The Prince’s Foundation for the Built Environment has four main areas of activity. The Design Operation works on live projects that are largely funded by the project promoter or developer. Its specialism is urban planning, particularly regeneration of failing communities, urban extensions and public transport-related development strategies. The Education Department run education events, including workshops and seminars, and are developing a Graduate Fellows programme and an MSc in Sustainable Urbanism. The Design Theory Department offers architectural advice on individual buildings, including those organisations which enjoy HRH The Prince of Wales’s patronage. The Chief Executive’s team run an extensive public affairs programme of conferences, policy, advocacy work, speaking engagements, and research and it also holds the PR function for the Organisation.
At the heart of the mission of The PFBE is the principle that we must heed the lessons of traditional place-making in new architecture and planning. This is a departure from the thinking of most mainstream architecture and planning education which still promotes modernist style architecture and zoned town development in which residential areas are separated from shops, schools, places of work and leisure. Inevitably, such patterns of development lead to car dependency and are not environmentally sustainable. Instead, The Foundation promotes traditional urbanism in which uses are interspersed, and align with, a clear street hierarchy in which it is easy to find one’s way about on foot or by using public transport. It promotes reasonable population densities to limit urban sprawl, strong links to context in architectural style and building materials, as well as the incorporation of green space, through private gardens, parks and leisure areas.
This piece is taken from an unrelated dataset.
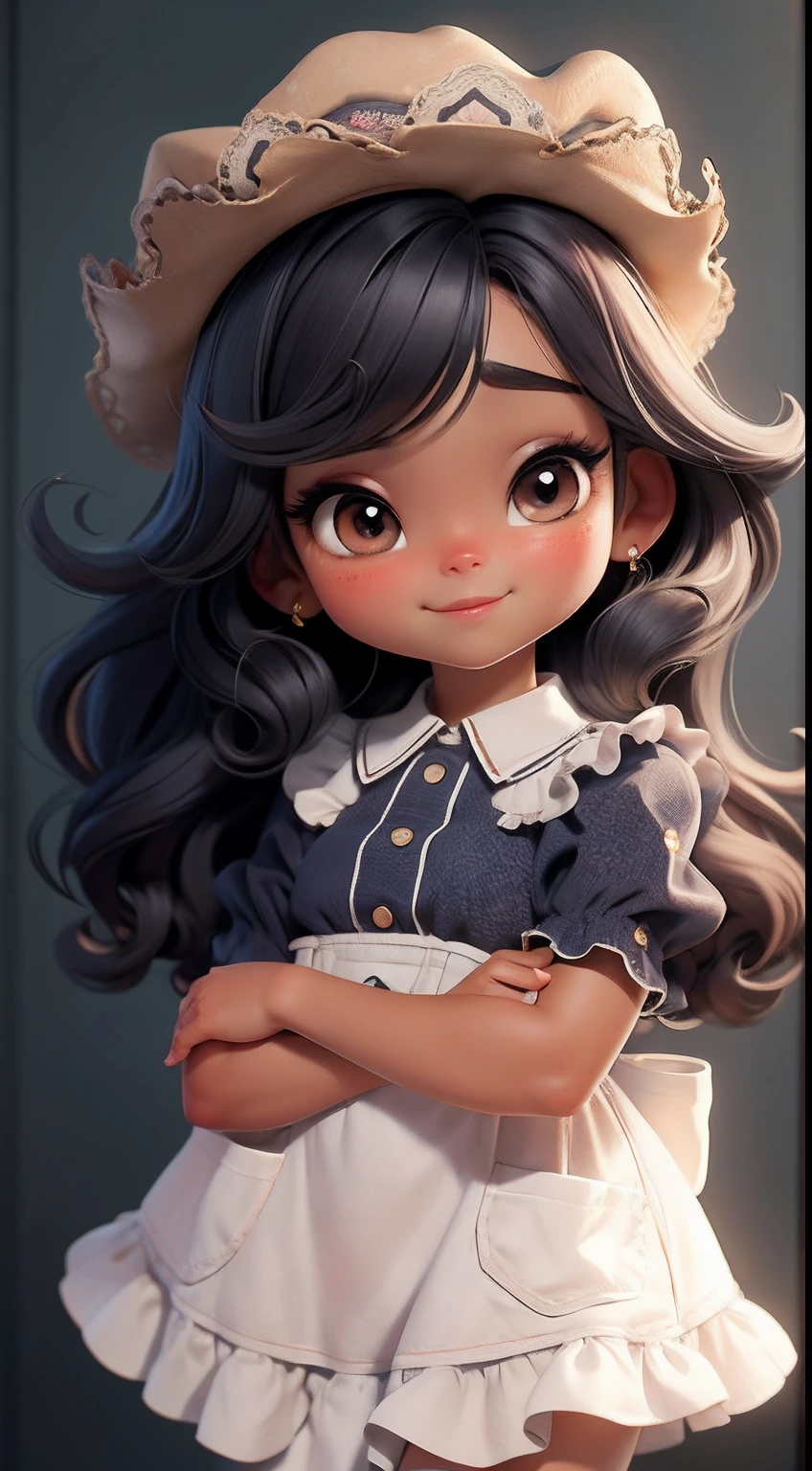 Create a series of dolls afro black skin chibi style cute baby with a cute cowgirl theme, each with lots of detail and in an 8K resolution. All dolls should follow the same solid background pattern and be complete in the image, mostrando o (corpo inteiro, incluindo as pernas: 1.5)
Boneca cowgirl: Chame-a de Mia. She should have medium wavy mixed hair. Seus olhos devem ser grandes e curiosos, with long eyelashes and slightly pinkish cheeks. Mia should be dressed in a delicate jumpsuit, cowboy boot and a polka dot blouse and a cowboy hat is cute. She must hold farm accessories. Add details like pockets and ruffles to the apron to make it even more charming, sapato bonito
Certifique-se de adicionar sombras, texturas e detalhes nos cabelos, roupas, Cute cowboy utensils, to make them even more adorable and charming.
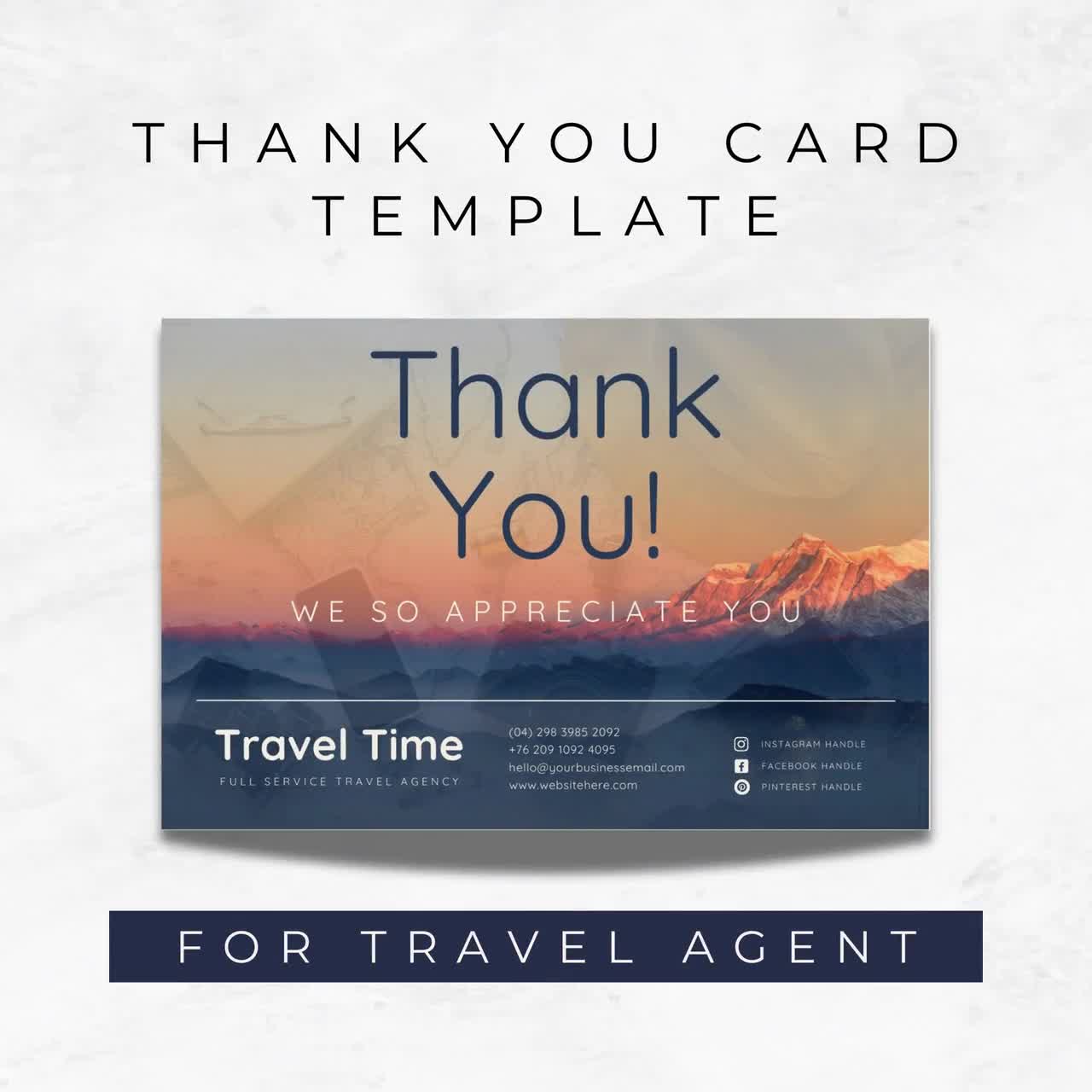 Travel Agent Thank You Card | Client Appreciation | Editable, Printable  Template, image size:1280x1280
Whilst The Foundation does not lobby Government, it enjoys active collaborations with various departments and agencies, including CLG, English Partnerships, CABE (the Commission for Architecture and the Built Environment), and many professional bodies, private and plc developers, landowners, locally elected officials and planners. Increasingly, it has an international remit with the establishment of regeneration projects in Jamaica and Sierra Leone, and opportunities to influence new build in Saudi Arabia, India, and the Far East.